Yesterday, millions of votes were cast in Georgia with just one issue (person) on the ballot. The Democratic Senator, Raphael Warnock, was pitted against the Republican candidate, Herschel Walker. Even the Republican Secretary of State Geoff Duncan called his party’s candidate, “…one of the worst candidates in our party’s history.” Duncan confessed that he left his ballot blank, not voting for Warnock either.
Many on the left are complaining that Walker got as many votes as he did. Once again, I turn to my Facebook friend, Rebecca Solnit, who wrote, “People, being blue that the Georgia senate race was close is strictly optional. Consider first that Ossoff and Warnock flipped the state from two Republican senators to two Democrats (a progressive Jewish guy, a progressive Black guy) a year ago, that voter suppression continues to be an obstacle for Black voters, and that Georgia just elected a minister who carries on MLK's vision from MLK's own Atlanta pulpit, a man who supports climate action, abortion rights, and LGBTQ rights--and voting rights. To me, it looks pretty wonderful and like it gives us all the option of rejoicing. In other words, don't snatch defeat from the jaws of victory unless that's really your favorite flavor, and if it is your favorite flavor perhaps ask why.
Georgia hadn't had two Democratic senators since 2003. Hadn't had one since 2005--and that was long before the current era of massive voter suppression and Supreme Court killing off of the Voting Rights Act had happened. Meaning that winning was much easier then for a candidate supported by Black voters, and of course part of why these victories were possible is Stacey Abrams's great work for voting rights in recent years--and all the GOTV work that happened.
It really does confound me that so many people are posting--and one even wrote to me--to focus on the fact that lots of people voted for Walker. Biden narrowly won Georgia two years ago, meaning lots of people voted for the thug. We know this. That Republicans get votes is not news. Is this response just the habit of dwelling in the safety of gloom? Because this morning it looks like seeking out something to be gloomy about when there are other options, and ones I believe serve us better in doing the work we must do.
It's glorious and gorgeous in a "when hope and history rhyme" way that this particular Black man, heir to MLK, also won the whole damn senate for the Democrats--that he is the one who's why Democrats will now be the majority on all senate committees, that there's a true majority, not 50 + the v.p. For judicial appointments and so much more, this is a great thing, and Georgia now has its first full-term Black senator, along with its first Jewish senator. Ever. So much we face is indeed hard and grim that we should celebrate whenever there's occasion, and this is definitely one.”
Let’s take a minute to focus on the losing candidate, and how he became “one of the worst candidates in Republican history.” Caroline Williams, a writer for The Atlantic, had this to say: “Every time I watch one of these smug, jowly, dangerous Republicans sitting next to Herschel Walker, wheeling him out for their own designs, I see that dinner-table conversation in the background of my mind. Walker is a big, ball-carrying Black man, and these Republicans do not have an ounce of care for him. They are using him to advance their own Constitution-compromising agenda, the way conservative white people in this country have always used Black bodies when given half a chance.

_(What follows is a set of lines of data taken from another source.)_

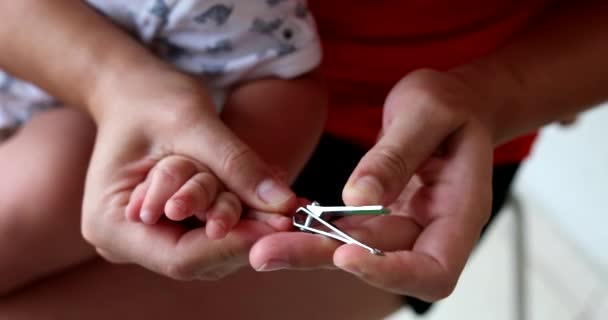 Mother Trimming Baby Hand Nail Clipper — Vídeo de Stock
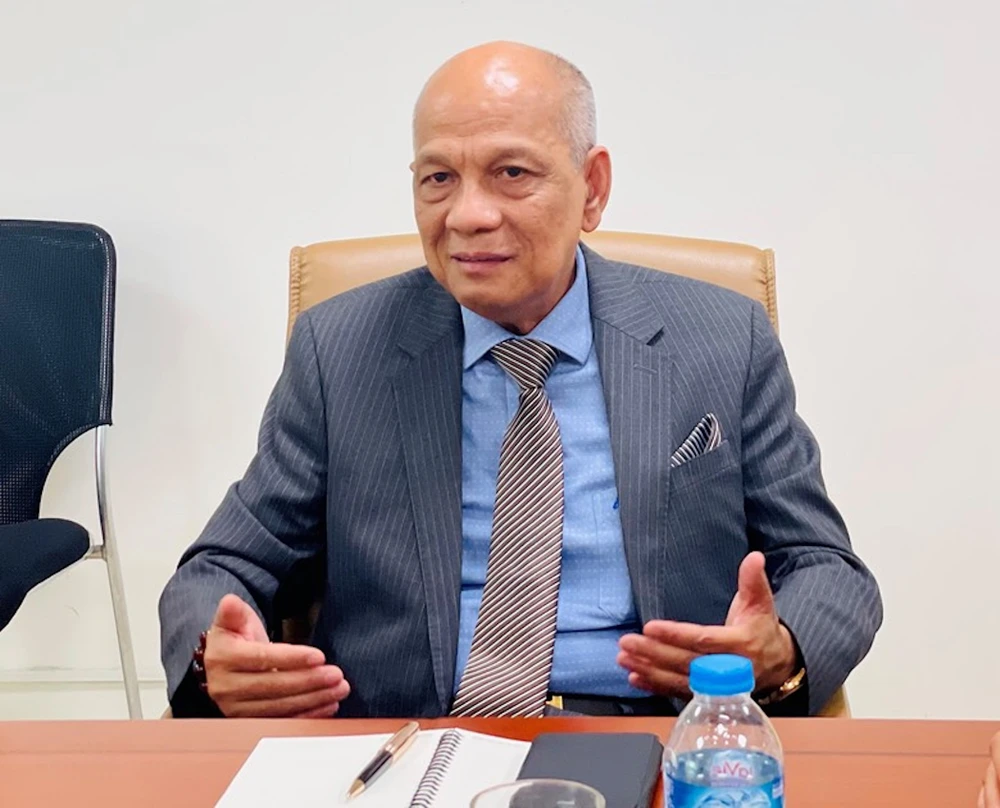 p4-5 ong-Nguyen-Hong-Hue.jpg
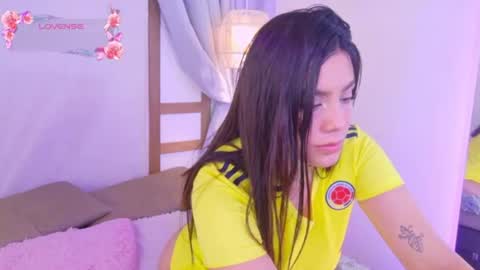 renataleclair online show from June 2026 04:38:01 PM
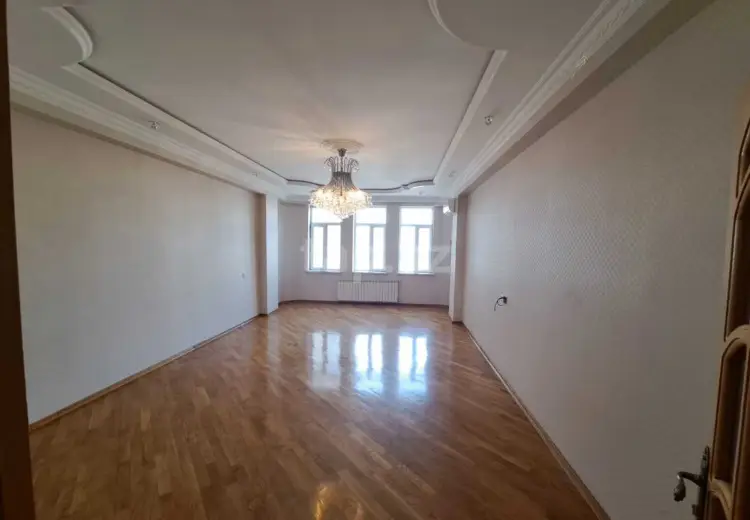 3 otaqlı mənzil , Bakı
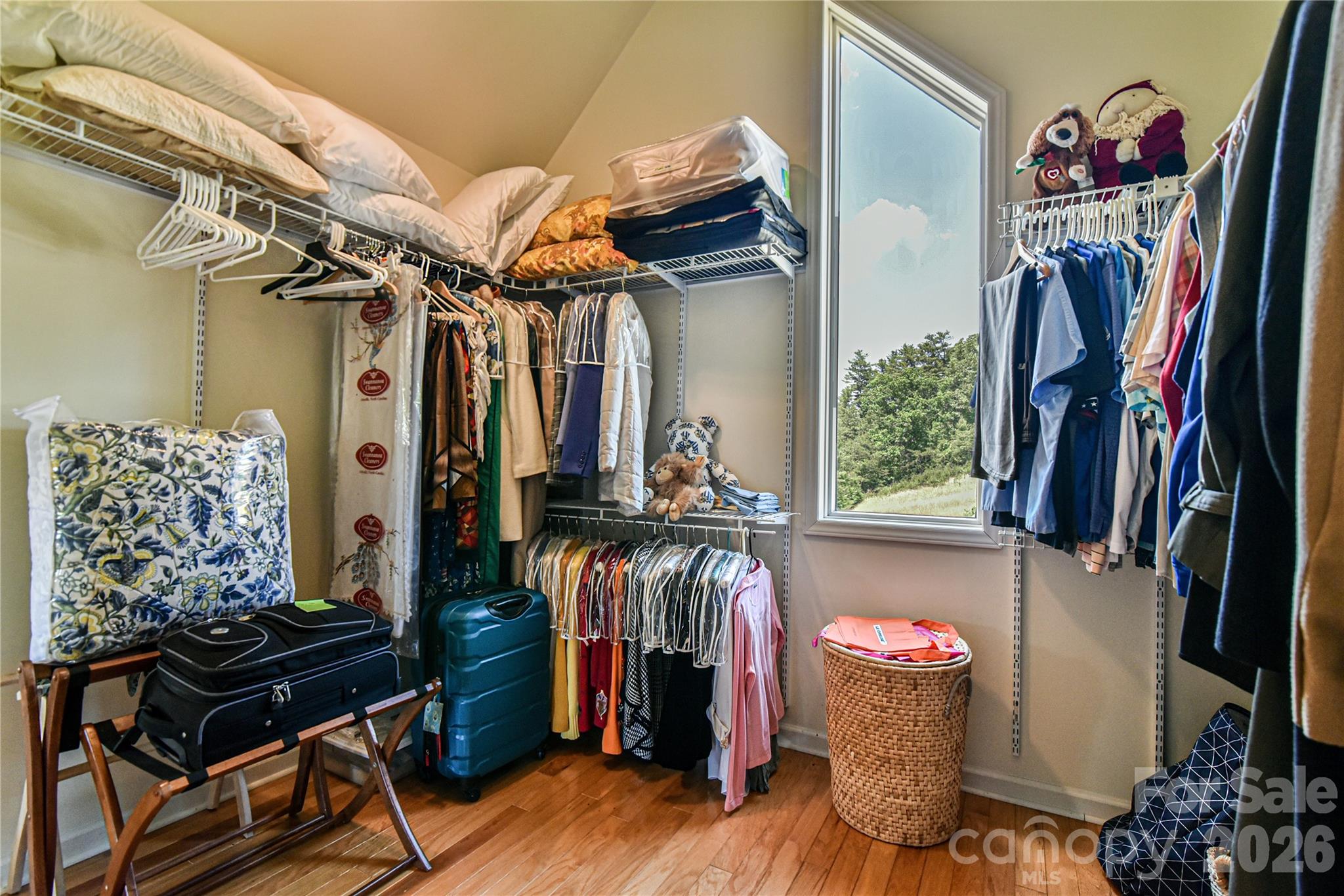 518 Forest Ridge Drive — Mars Hill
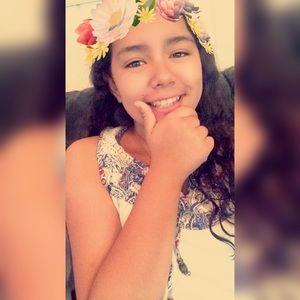 Meet your Posher, Yoselin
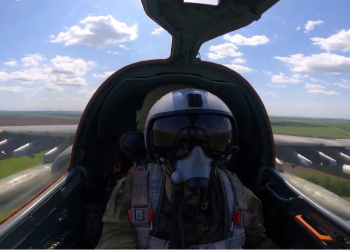 Rusia realiza un ataque grupal con armas de alta precisión contra un aeródromo militar ucraniano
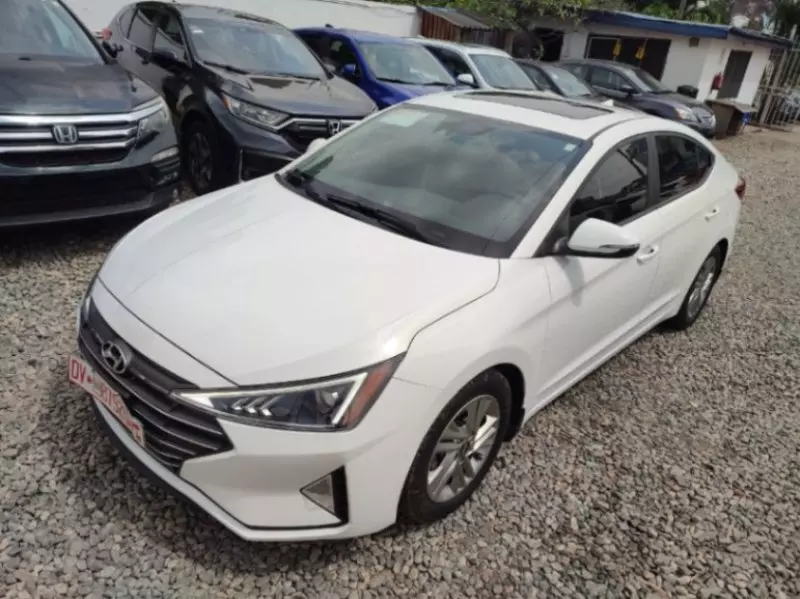 Hyundai Elantra   - 2019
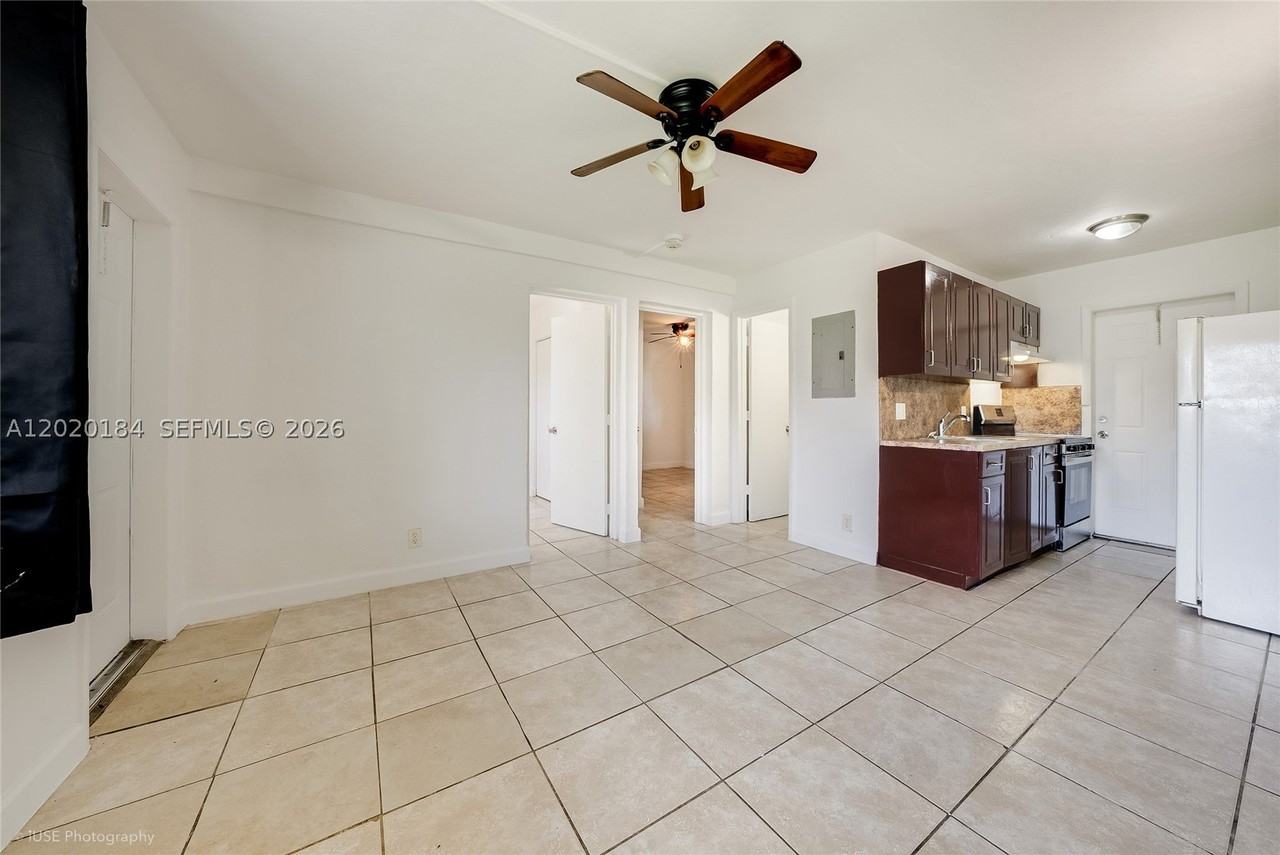1124 Nw 2nd St #2 - Photo 4 of 11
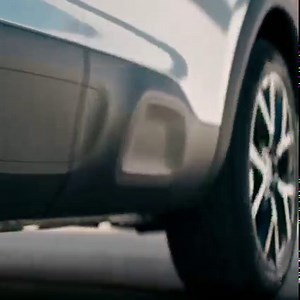 The Citroën C5 Aircross SUV delivers increasing on board comfort with Keyless Entry & Start. Discover more here: https://bit.ly/3bSDHLu Remember, there’s #CitroënSerenity in every Citroën. Our 5-year / 100 000 KM warranty is offered across all models. | Citroën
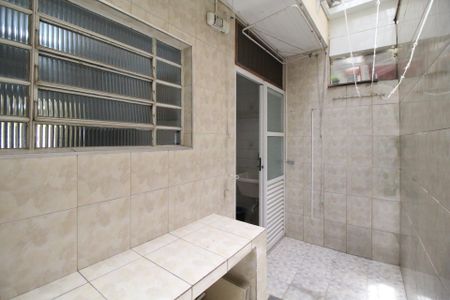 Casa de condomínio à venda com 79m², 2 quartos e 1 vagaÁrea de Serviço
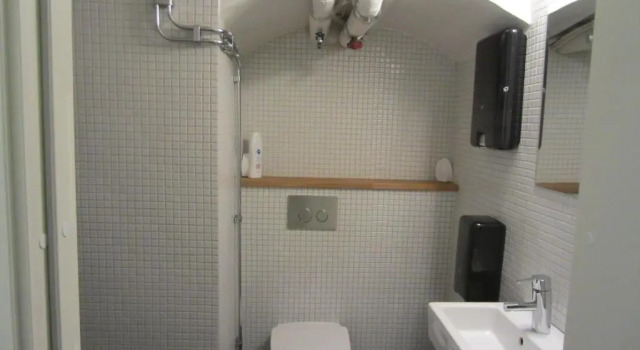 Кровать в общем номере Hostel Dalagatan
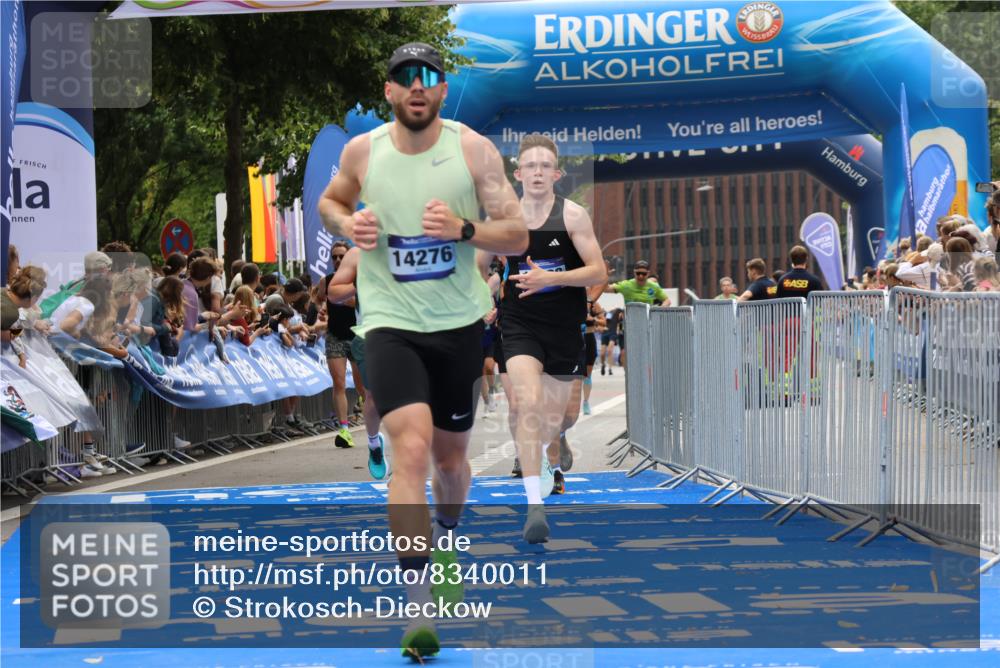 29.06.2025 - hella hamburg halbmarathon Strokosch-Dieckow http://msf.ph/oto/8340011 29.06.2025 10:33:04 Ziel 1910, 6473, 11169, 14276, 17802, 18679 meine-sportfotos.de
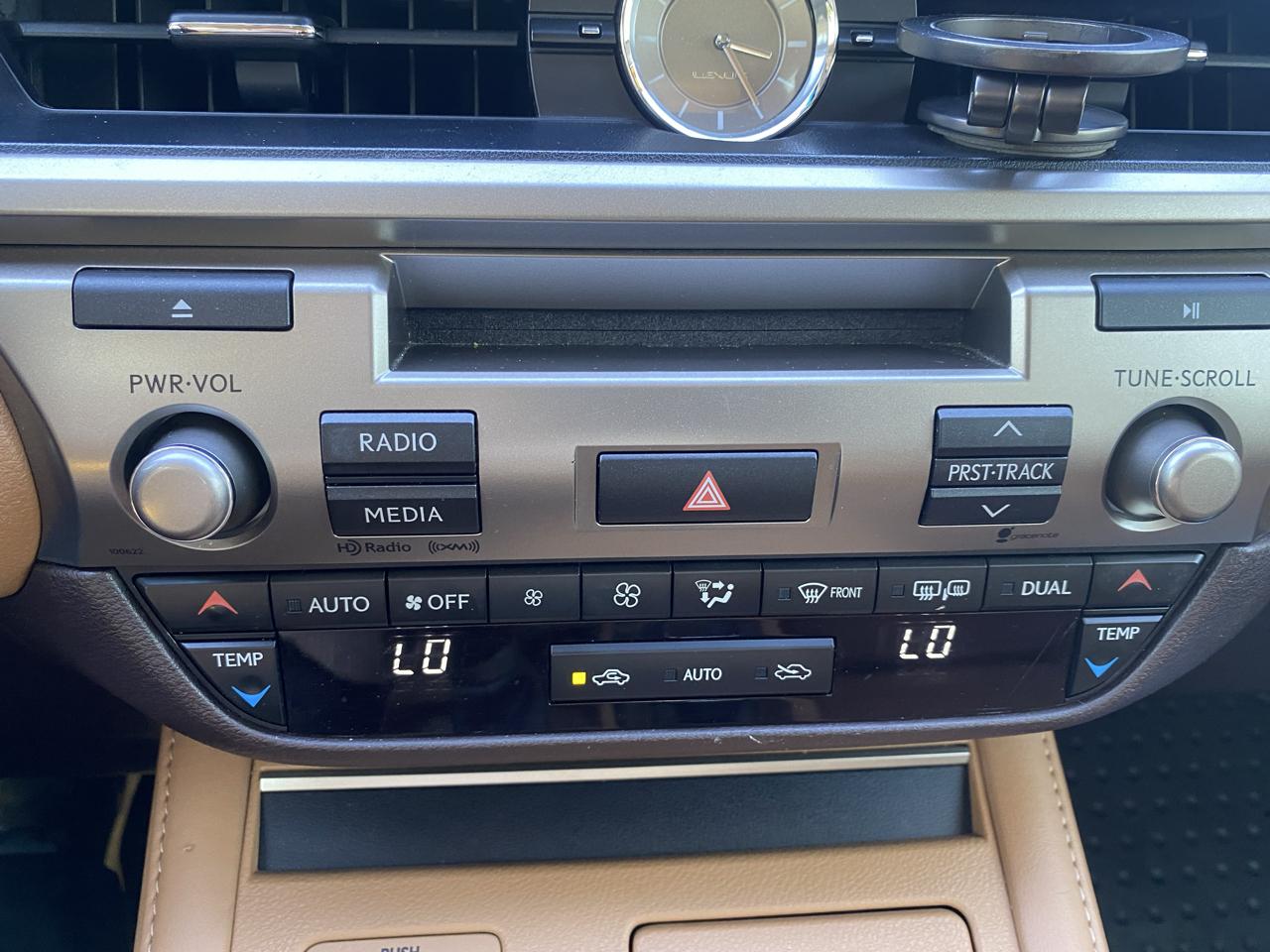 Lexus ES 350 4dr Sdn 2016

Walker stands up at podiums, and I feel shame and sorrow and resentment. He is incoherent, bumbling, oily. He smiles with a swagger that does nothing to disguise his total ignorance of how blatantly he is being taken advantage of by a party that has never intended to serve people who look like him.
Walker’s candidacy is a fundamental assault by the Republican Party on the dignity of Black Americans. How dare they so cynically use this buffoon as a shield for their obvious failings to meet the needs and expectations of Black voters? They hold him up and say, “See, our voters don’t mind his race. We’re not a racist party. We have Black people on our side too.” Parading Walker at rallies like some kind of blue-ribbon livestock does not mean you have Black people on your side. What it means is that you are promoting a charlatan—a man morally and intellectually bereft enough, blithely egomaniacal enough, to sing and dance on the world stage against his own best interest. Is he in on the joke? Does he know they picked him to save money on boot black and burnt cork, this man who made his name by bringing the master glory on the master’s field, who got comfortable eating from the master’s table?”
Trump hand-picked him. Countless critics have been looking for the proverbial “straw that breaks the camel’s back.” At long last, after a lengthy string of losses, what some in the GOP say is “the kiss of death,” the camel’s back may not recover.